*Supplied records*:
______

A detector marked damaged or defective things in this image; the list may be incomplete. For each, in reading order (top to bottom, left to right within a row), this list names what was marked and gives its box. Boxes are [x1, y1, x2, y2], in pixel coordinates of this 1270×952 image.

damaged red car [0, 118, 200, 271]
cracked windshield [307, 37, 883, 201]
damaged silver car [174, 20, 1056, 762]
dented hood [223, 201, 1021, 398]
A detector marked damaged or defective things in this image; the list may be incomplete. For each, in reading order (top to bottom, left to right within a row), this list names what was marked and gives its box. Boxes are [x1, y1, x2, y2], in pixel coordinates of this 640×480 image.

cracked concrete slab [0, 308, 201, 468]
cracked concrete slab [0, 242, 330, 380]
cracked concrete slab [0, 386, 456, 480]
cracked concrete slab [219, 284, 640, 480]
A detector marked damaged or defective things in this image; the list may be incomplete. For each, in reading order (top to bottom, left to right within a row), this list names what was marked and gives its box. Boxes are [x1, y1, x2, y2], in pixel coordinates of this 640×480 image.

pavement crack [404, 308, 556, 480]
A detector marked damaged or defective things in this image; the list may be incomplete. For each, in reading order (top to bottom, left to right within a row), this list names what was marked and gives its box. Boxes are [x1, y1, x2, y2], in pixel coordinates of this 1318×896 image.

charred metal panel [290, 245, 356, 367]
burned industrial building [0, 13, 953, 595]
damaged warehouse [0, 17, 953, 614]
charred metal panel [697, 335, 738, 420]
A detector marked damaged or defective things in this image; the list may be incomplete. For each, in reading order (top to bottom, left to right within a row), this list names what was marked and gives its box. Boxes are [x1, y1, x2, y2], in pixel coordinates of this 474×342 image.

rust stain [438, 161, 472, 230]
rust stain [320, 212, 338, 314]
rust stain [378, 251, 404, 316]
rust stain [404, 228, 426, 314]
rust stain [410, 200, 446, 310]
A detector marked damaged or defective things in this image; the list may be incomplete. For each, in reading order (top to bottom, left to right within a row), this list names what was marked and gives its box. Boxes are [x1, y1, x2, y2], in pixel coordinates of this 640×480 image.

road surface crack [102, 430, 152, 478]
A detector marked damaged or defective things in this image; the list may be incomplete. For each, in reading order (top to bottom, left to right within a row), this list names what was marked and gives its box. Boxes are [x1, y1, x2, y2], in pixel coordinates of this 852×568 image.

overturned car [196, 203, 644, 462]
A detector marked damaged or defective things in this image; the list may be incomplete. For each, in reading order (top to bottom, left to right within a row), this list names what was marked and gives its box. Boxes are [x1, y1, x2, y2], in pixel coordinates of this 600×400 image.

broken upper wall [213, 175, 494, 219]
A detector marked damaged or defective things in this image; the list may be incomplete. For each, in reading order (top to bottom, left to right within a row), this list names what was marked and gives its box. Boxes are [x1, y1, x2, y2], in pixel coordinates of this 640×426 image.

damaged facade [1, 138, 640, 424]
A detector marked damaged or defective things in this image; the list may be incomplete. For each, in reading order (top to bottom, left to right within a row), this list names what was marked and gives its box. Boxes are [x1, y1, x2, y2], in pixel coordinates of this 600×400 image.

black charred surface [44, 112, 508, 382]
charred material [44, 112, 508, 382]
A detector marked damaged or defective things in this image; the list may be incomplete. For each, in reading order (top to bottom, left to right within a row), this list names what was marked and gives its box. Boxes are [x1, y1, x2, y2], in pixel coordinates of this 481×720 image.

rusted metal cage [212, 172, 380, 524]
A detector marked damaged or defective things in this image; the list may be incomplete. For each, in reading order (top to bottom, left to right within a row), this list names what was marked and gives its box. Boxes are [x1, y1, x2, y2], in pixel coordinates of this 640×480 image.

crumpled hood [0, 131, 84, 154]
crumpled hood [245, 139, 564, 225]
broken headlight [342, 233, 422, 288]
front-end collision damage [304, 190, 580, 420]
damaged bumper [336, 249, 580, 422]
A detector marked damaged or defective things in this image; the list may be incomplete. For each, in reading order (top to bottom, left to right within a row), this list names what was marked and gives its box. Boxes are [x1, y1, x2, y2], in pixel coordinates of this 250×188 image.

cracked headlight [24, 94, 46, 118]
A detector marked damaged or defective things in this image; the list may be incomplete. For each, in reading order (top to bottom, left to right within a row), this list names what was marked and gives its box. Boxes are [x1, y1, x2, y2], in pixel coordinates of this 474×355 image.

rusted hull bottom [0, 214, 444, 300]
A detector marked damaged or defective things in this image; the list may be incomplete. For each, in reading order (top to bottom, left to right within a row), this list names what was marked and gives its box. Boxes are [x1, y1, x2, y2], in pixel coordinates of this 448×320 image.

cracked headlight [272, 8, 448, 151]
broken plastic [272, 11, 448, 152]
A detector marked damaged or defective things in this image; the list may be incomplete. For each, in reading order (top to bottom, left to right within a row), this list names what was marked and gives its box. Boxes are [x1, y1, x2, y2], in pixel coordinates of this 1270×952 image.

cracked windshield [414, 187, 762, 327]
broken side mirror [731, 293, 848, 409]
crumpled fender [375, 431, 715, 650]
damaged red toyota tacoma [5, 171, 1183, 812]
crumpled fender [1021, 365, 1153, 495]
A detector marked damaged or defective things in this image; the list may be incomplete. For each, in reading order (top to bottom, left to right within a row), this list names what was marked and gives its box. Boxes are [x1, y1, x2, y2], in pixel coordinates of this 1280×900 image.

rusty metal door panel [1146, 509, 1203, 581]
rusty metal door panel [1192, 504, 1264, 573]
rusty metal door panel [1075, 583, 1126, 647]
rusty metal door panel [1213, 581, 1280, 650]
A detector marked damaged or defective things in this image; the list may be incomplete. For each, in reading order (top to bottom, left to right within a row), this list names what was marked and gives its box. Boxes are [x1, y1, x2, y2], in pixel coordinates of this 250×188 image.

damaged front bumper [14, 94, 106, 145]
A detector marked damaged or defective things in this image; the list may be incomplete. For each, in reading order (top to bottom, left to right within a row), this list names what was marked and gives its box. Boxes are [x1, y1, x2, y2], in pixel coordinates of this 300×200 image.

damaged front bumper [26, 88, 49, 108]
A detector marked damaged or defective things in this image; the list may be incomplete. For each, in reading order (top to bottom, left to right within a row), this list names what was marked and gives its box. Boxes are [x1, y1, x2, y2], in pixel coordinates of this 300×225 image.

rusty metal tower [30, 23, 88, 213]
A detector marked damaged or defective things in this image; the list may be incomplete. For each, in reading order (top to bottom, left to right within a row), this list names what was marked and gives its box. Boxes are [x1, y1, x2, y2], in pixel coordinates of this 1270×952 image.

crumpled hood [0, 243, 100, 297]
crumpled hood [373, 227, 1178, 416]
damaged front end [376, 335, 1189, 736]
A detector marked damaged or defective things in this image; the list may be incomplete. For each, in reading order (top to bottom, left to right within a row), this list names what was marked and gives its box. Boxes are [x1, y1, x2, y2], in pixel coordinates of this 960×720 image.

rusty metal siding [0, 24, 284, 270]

______

*What to produce*:
Only the lines from the one containing "this 960×720 image." through the final line of the material should be printed, each word for word. Both of those lines count.

*Your response*:
A detector marked damaged or defective things in this image; the list may be incomplete. For each, in reading order (top to bottom, left to right within a row), this list names what was marked and gives its box. Boxes are [x1, y1, x2, y2], in pixel coordinates of this 960×720 image.

rusty metal siding [0, 24, 284, 270]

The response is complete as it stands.